Stop at the line that contains "bathroom featuring vanity, ceiling". Until then, set down each line of the records exactly, beginning with the first, and skip pictures.

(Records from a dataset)
☆ ☆ ☆
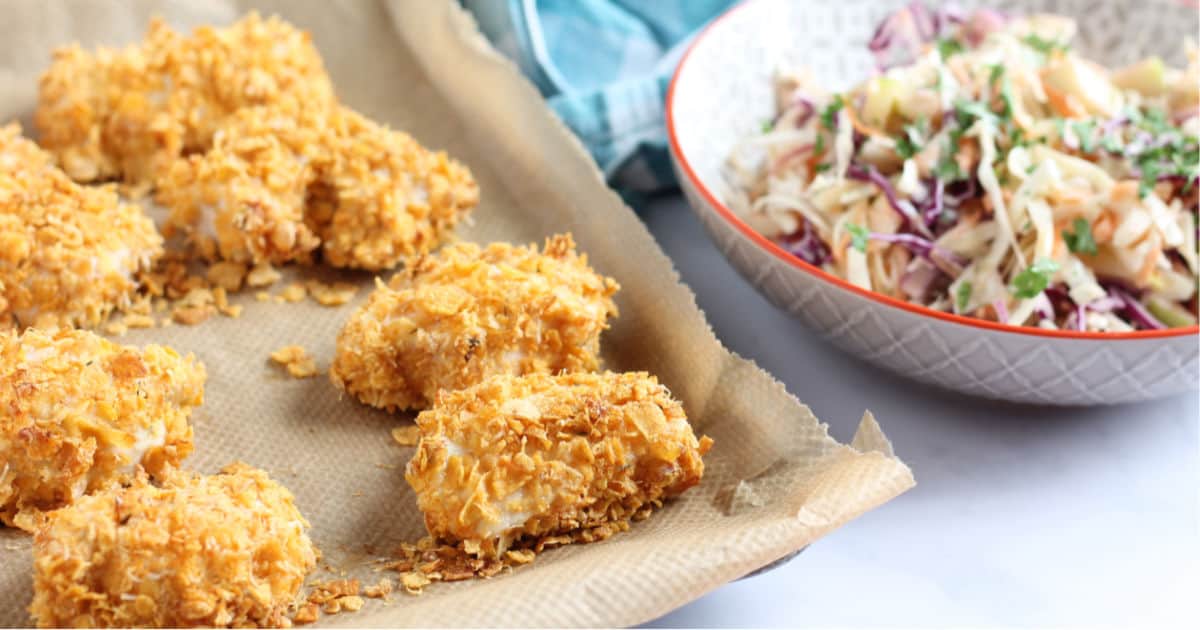 One of the kids favourite dinners! These Cornflake crumbed chicken nuggets are so much healthier than the shop-bought processed variety! Great with baked potatoes and beans for a quick and easy after school dinner! bit.ly/32ubKB4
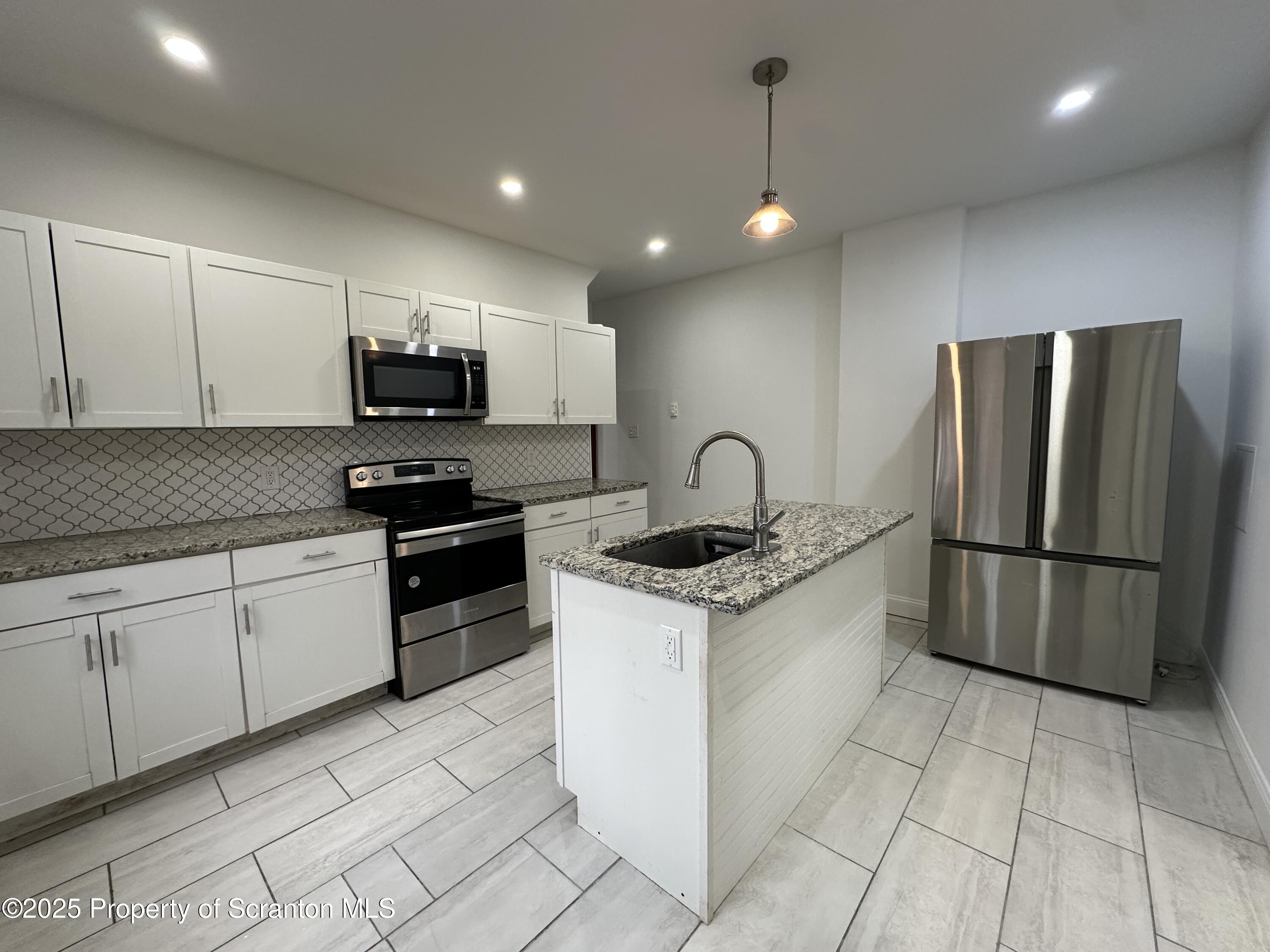 5 Robert Street Nanticoke, PA 18634 - Photo 4 of 26 a kitchen with stainless steel appliances granite countertop a stove a sink and a refrigerator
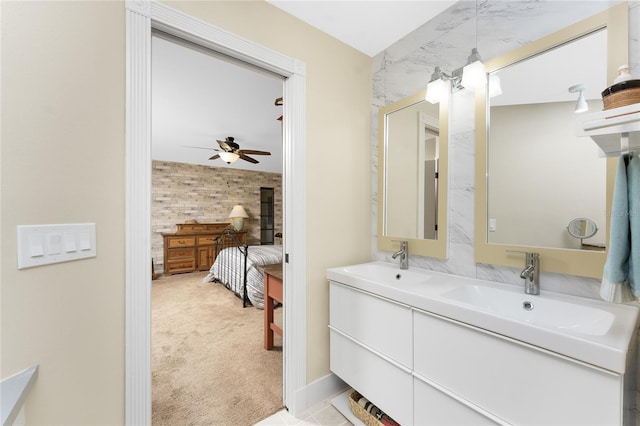 bathroom featuring vanity, ceiling fan, and wood walls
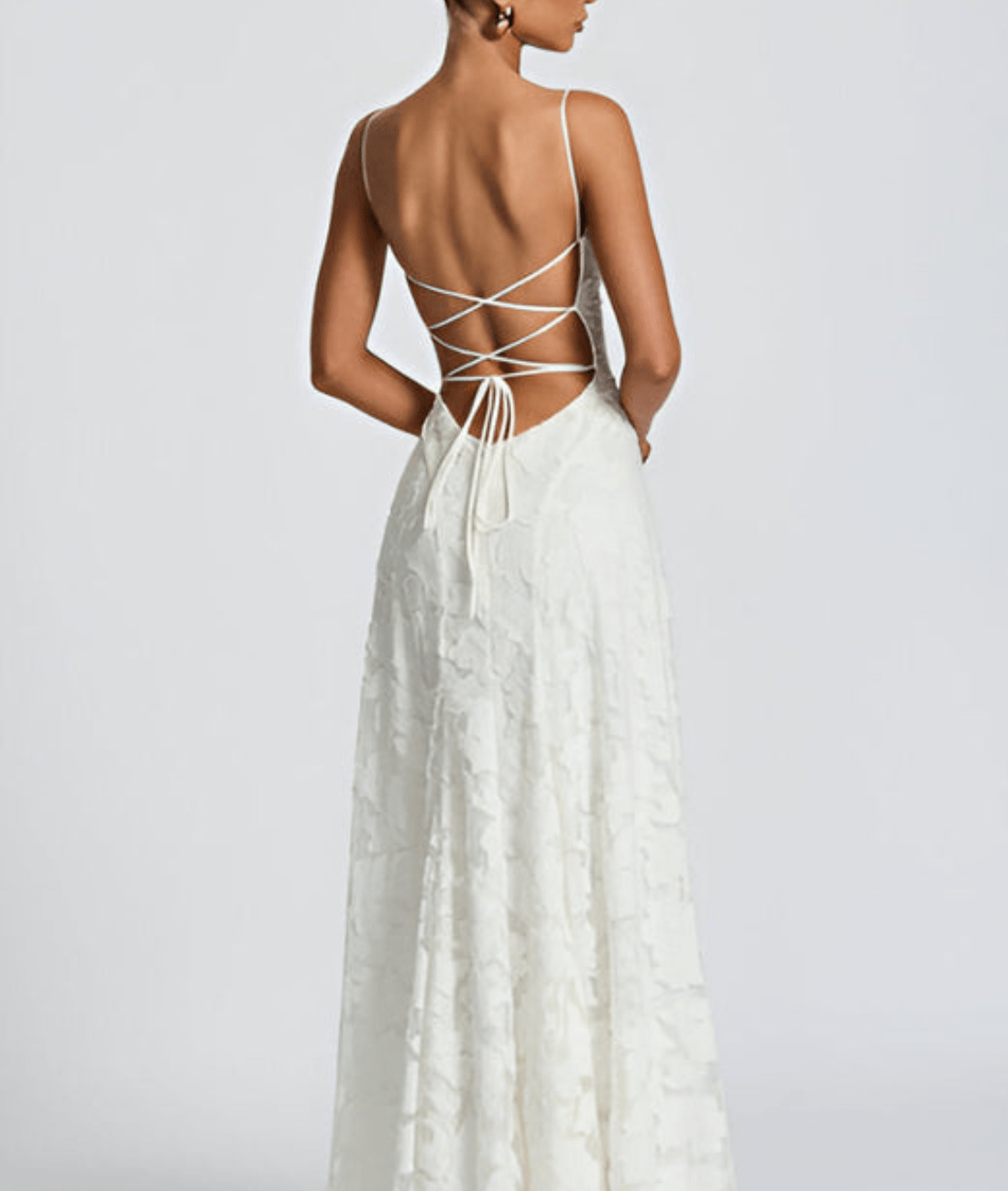 White maxi dress back with thin crisscross straps and open tied back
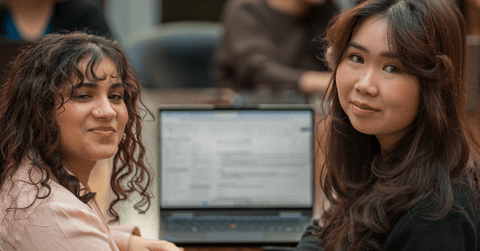 two women sitting at a laptop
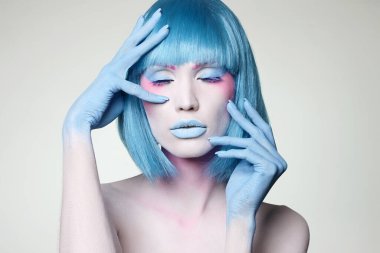 Mavi saçlı ve boyalı güzel bir kız. Peri güzeli genç bayan.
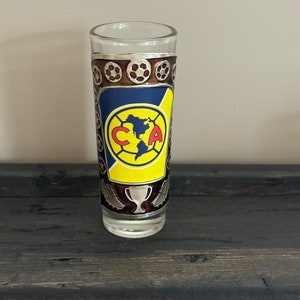 May include: A clear glass shot glass with a silver metal band featuring a soccer ball design. The band also includes a blue and yellow logo with the letters "C" and "A" and a trophy.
☆ ☆ ☆
> **TASK RESULT**:
 One of the kids favourite dinners! These Cornflake crumbed chicken nuggets are so much healthier than the shop-bought processed variety! Great with baked potatoes and beans for a quick and easy after school dinner! bit.ly/32ubKB4
 5 Robert Street Nanticoke, PA 18634 - Photo 4 of 26 a kitchen with stainless steel appliances granite countertop a stove a sink and a refrigerator
 bathroom featuring vanity, ceiling fan, and wood walls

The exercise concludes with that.